Problem statement — The output should be every line below, retyped exactly, with no images.

Data segment —
□ □ □ □ □
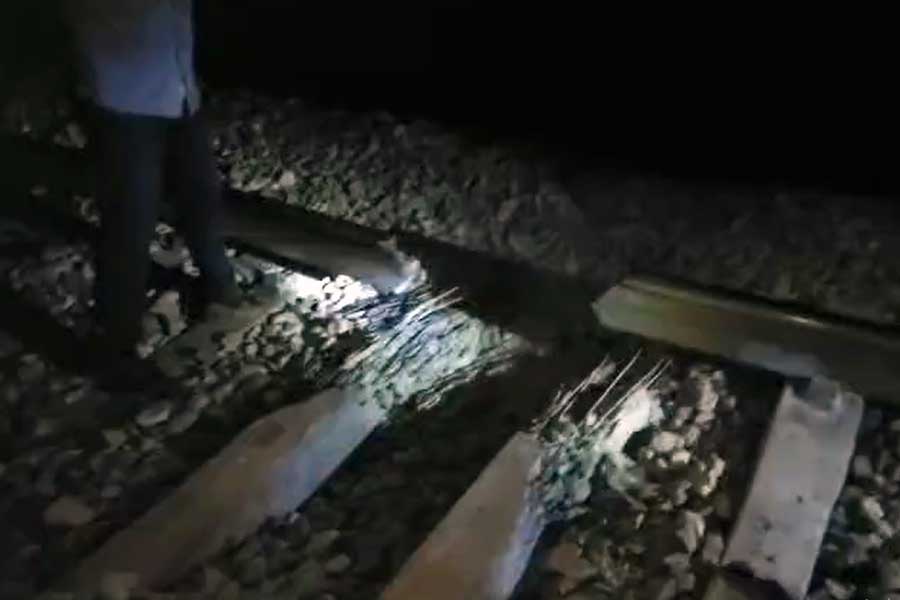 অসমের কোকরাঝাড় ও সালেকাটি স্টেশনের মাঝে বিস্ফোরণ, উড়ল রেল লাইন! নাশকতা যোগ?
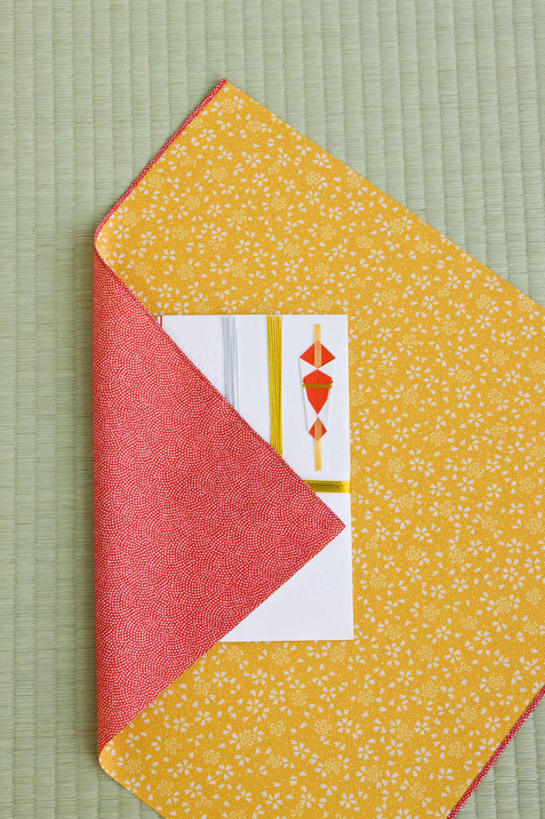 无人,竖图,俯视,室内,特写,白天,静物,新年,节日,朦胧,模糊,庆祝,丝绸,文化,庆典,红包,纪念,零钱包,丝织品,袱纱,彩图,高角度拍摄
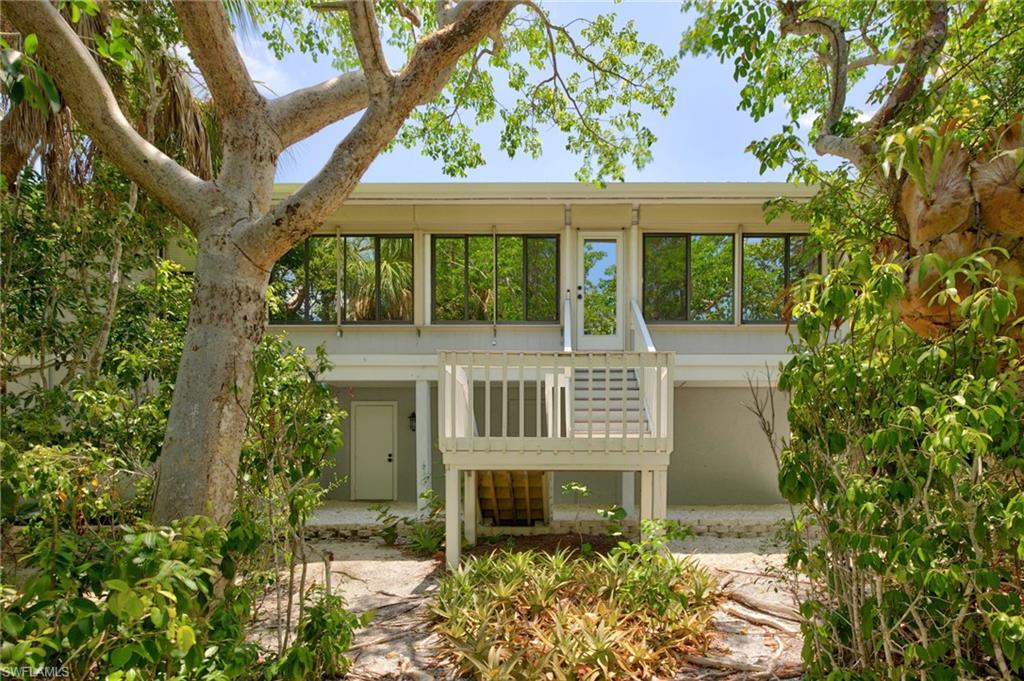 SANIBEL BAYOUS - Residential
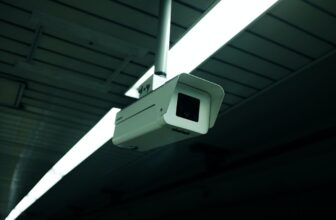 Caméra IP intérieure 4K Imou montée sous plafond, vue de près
□ □ □ □ □
Result of the task —
 অসমের কোকরাঝাড় ও সালেকাটি স্টেশনের মাঝে বিস্ফোরণ, উড়ল রেল লাইন! নাশকতা যোগ?
 无人,竖图,俯视,室内,特写,白天,静物,新年,节日,朦胧,模糊,庆祝,丝绸,文化,庆典,红包,纪念,零钱包,丝织品,袱纱,彩图,高角度拍摄
 SANIBEL BAYOUS - Residential
 Caméra IP intérieure 4K Imou montée sous plafond, vue de près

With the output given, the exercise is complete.